At a young age, Samuel T. Scott and his brother W. D. Scott witnessed a deed
of David Peebles, Deed Bk. E-273, Sumter Co., SC Conveyances. Age 16 was
frequently "of age" in some locales, according to THE SOURCE. Men were of
age at 16 to pay taxes and to serve in the militia, and, according to Robert
Young Clay, archivist at Virginia State Library, in colonial Virginia persons
could witness documents at age 14, assuming they were judged competent to
understand what they were witnessing.


1819 - Migration to Louisiana-Mississippi, Called Mississippi Territory

The name of Samuel T. Scott, with the names of his six brothers Cason,
Thomas, Joseph, W. D., Zachariah, and James and his brother-in-law Joseph
Howell, appears in AMERICAN STATE PAPERS, V. 3, p. 440, "Public Lands" (SLC
film 908745) as one of numerous claimants for land "West of Pearl river....".
His claim showed date of settlement as 1819.

Not all these brothers survived to move to Texas.

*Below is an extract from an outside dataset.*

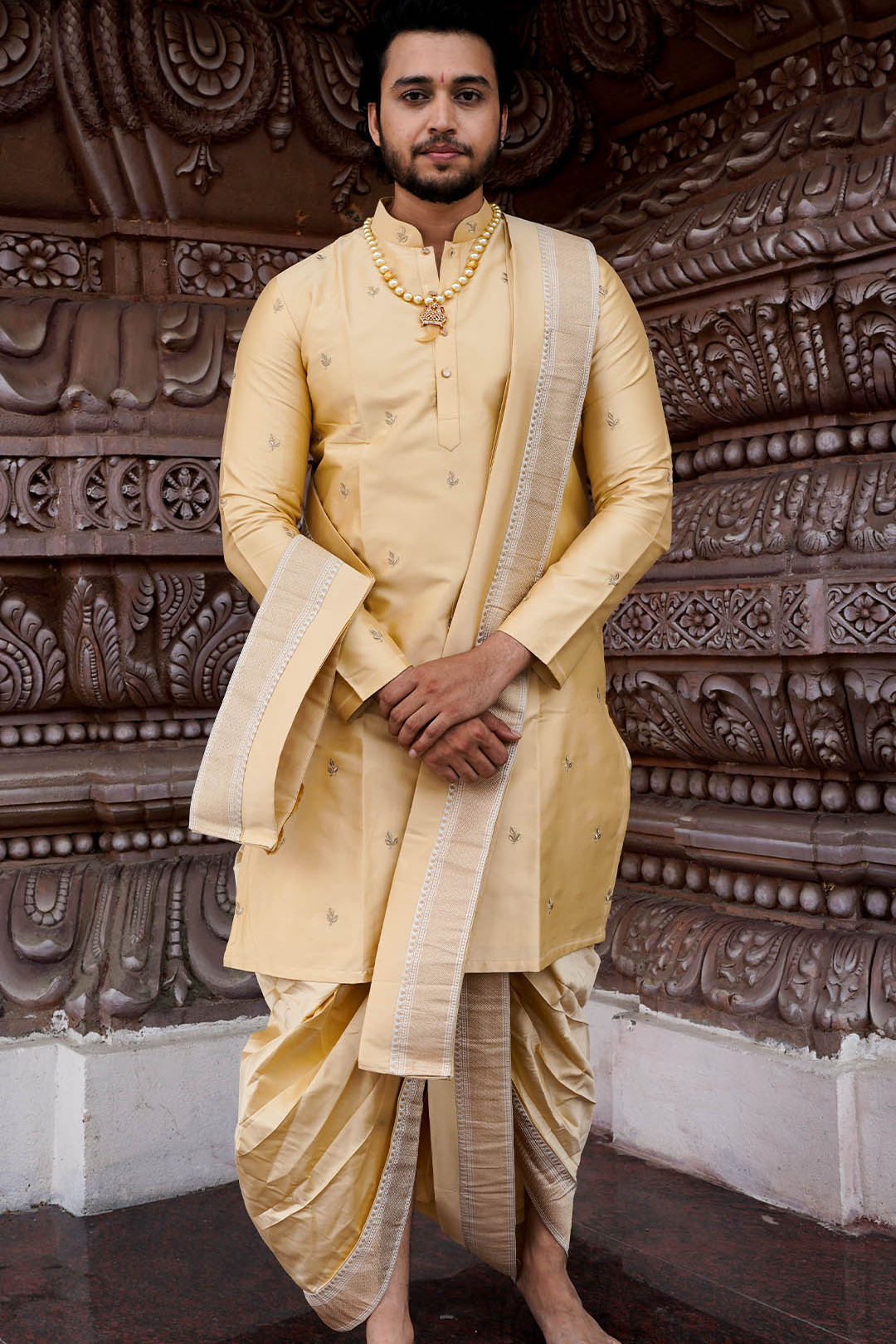 Man wearing a traditional yellow kurta with white dhoti in front of an ornate wall.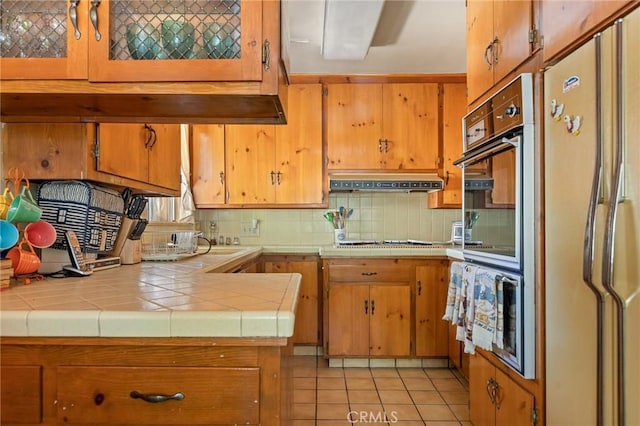 kitchen with tasteful backsplash, tile counters, under cabinet range hood, light tile patterned floors, and freestanding refrigerator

Thomas Scott, William
D. Scott and their brother-in-law, Joseph Howell, are known to have died
prior to the move to Texas.

AMERICAN STATE PAPERS (papers of the 1st session of the 14th to the 1st
sessions of the 18th U. S. Congress) "Public Land Claims" for late 1815 to
May 1824, indicate that Cason and Joseph Scott settled in Mississippi in
1816; Thomas in 1818; brothers W. D., Zachariah, James, and Samuel T. Scott
and their brother-in-law Joseph Howell all settled shortly thereafter.